_Material for the task_
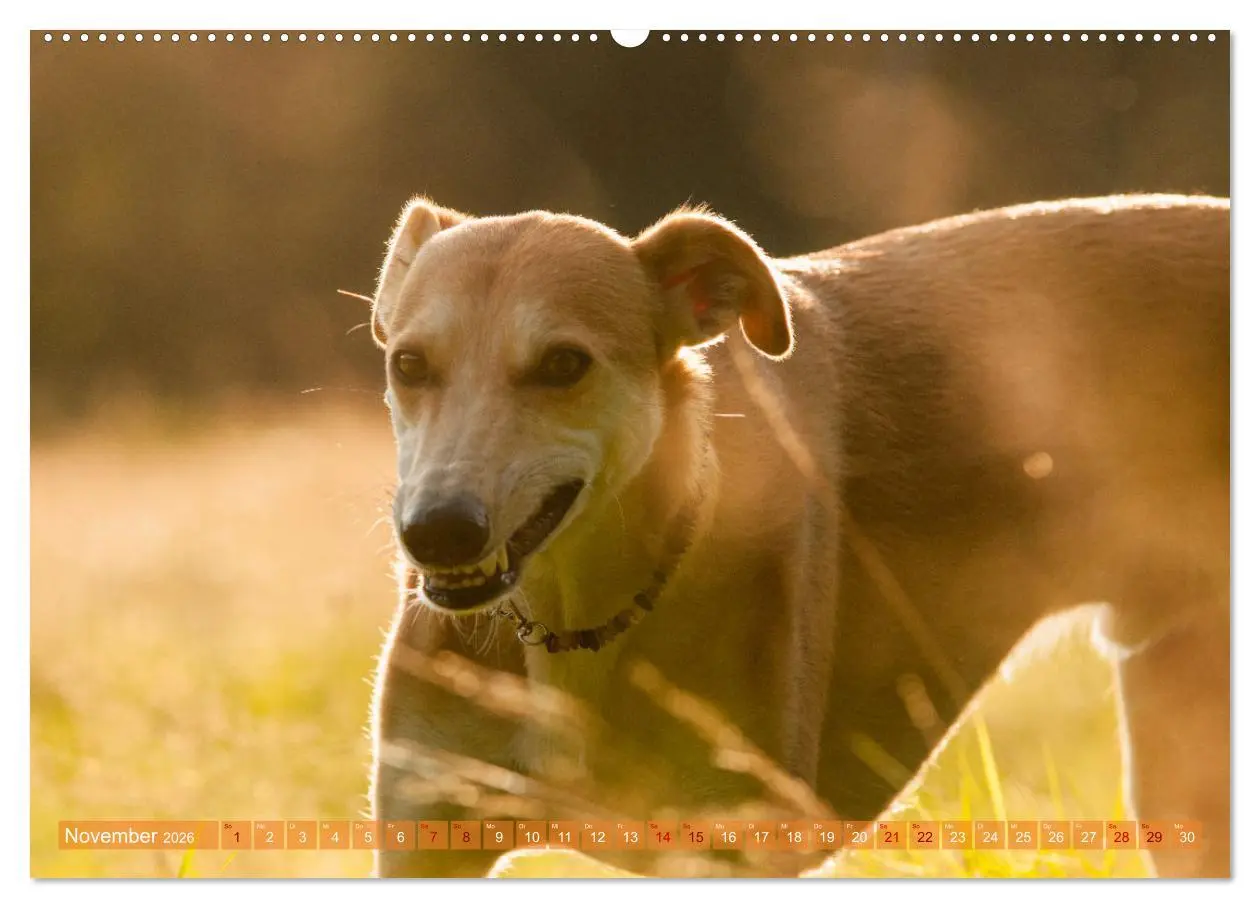 Bild: 9783457620076 | Witziger Windhund - Portugiesischer Galgo (Wandkalender 2026 DIN A2...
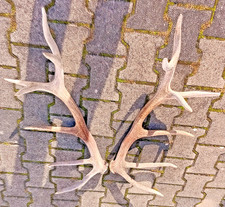 Kapitales Hirschgeweih Rotwild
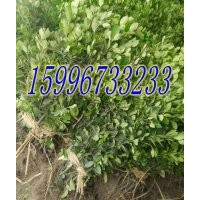 40公分大葉黃楊價(jià)格，50公分大葉黃楊價(jià)格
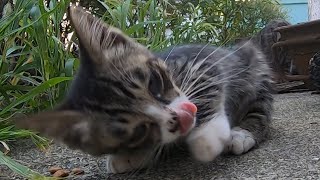 【ネコ観察モニタリング】母猫がカリカリを食べてたら子猫がやって来た#4 The kitten came when my mother was eating dry food！#4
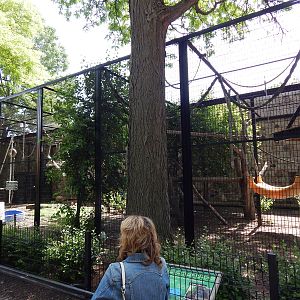 Jun. 2014 - Apes of Africa and Primates of the World - Outdoor Orangutan Ex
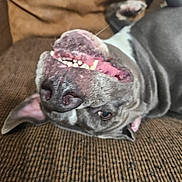 Turkey is registered to the contest to win money with this photo: animal, brown_couch, canine, close_up, cute, dog, domestic, ears, funny, fur, grin, happy, indoor, pet, playful, relaxed, snout, teeth, tongue, upside_down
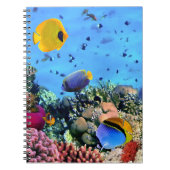 Notitieboek-tropische vis notitieboek (Voorkant)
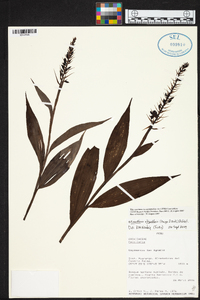 Elleanthus oliganthus image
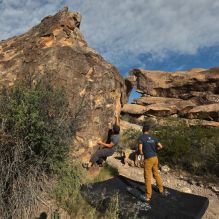 

Filename: SRM_20221022_0824050.jpg
Aperture: f/8.0
Shutter Speed: 1/1250
Body: Canon EOS R6
Lens: Canon EF 16-35mm f/2.8 L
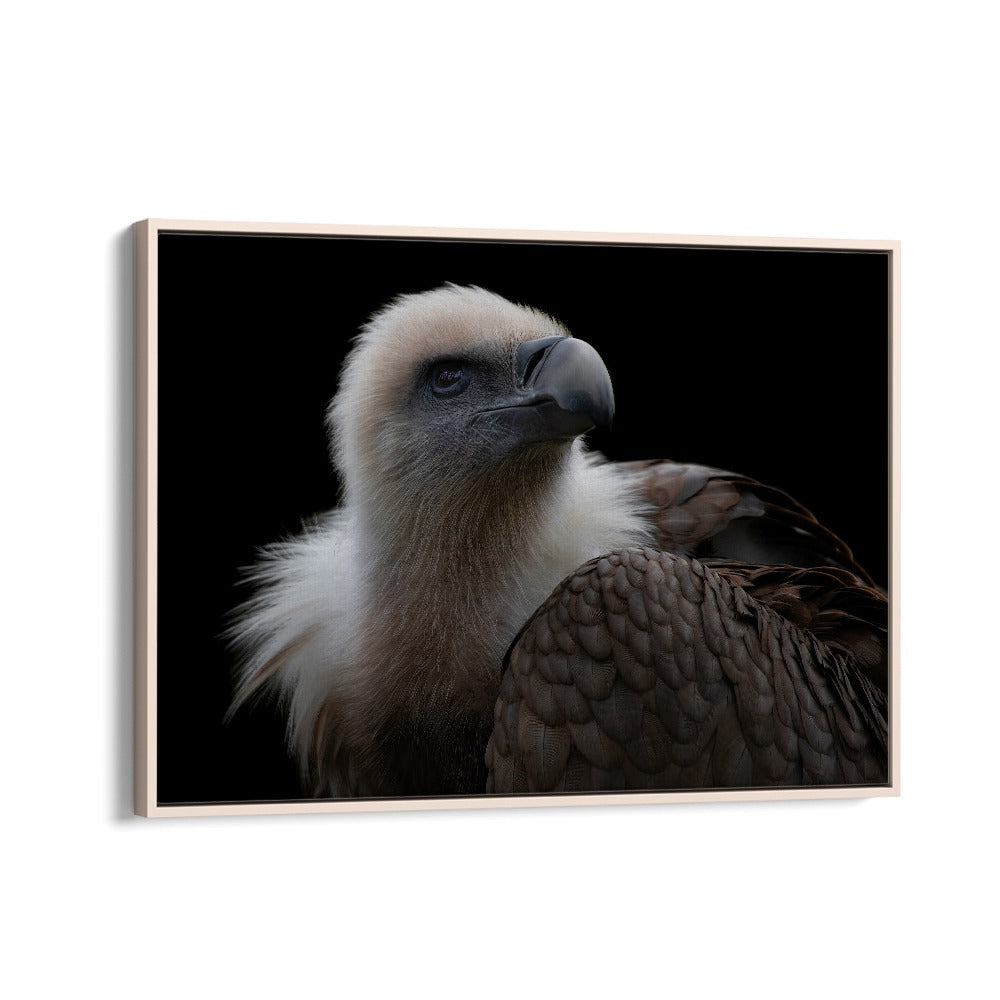 PHOTOGRAPHY painting - GYPS FULVUS - GRIFFON VULTURE by Asianmonk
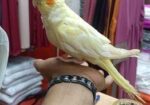 টেম ককাটেল
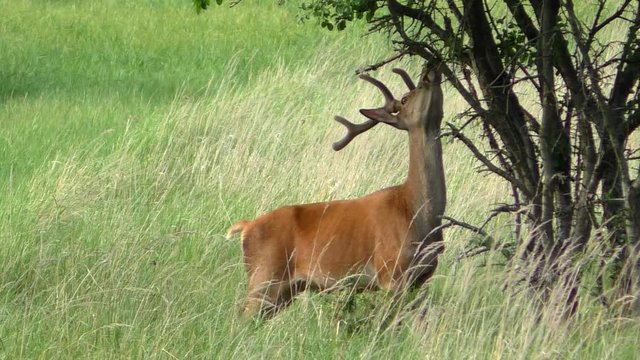 Deer Buck on a meadow stripping bark off a tree slomotion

_Required action_
Hand back every line of the material, exactly, without the pictures.

_Response to the task_
 Bild: 9783457620076 | Witziger Windhund - Portugiesischer Galgo (Wandkalender 2026 DIN A2...
 Kapitales Hirschgeweih Rotwild
 40公分大葉黃楊價(jià)格，50公分大葉黃楊價(jià)格
 【ネコ観察モニタリング】母猫がカリカリを食べてたら子猫がやって来た#4 The kitten came when my mother was eating dry food！#4
 Jun. 2014 - Apes of Africa and Primates of the World - Outdoor Orangutan Ex
 Turkey is registered to the contest to win money with this photo: animal, brown_couch, canine, close_up, cute, dog, domestic, ears, funny, fur, grin, happy, indoor, pet, playful, relaxed, snout, teeth, tongue, upside_down
 Notitieboek-tropische vis notitieboek (Voorkant)
 Elleanthus oliganthus image

Filename: SRM_20221022_0824050.jpg
Aperture: f/8.0
Shutter Speed: 1/1250
Body: Canon EOS R6
Lens: Canon EF 16-35mm f/2.8 L
 PHOTOGRAPHY painting - GYPS FULVUS - GRIFFON VULTURE by Asianmonk
 টেম ককাটেল
 Deer Buck on a meadow stripping bark off a tree slomotion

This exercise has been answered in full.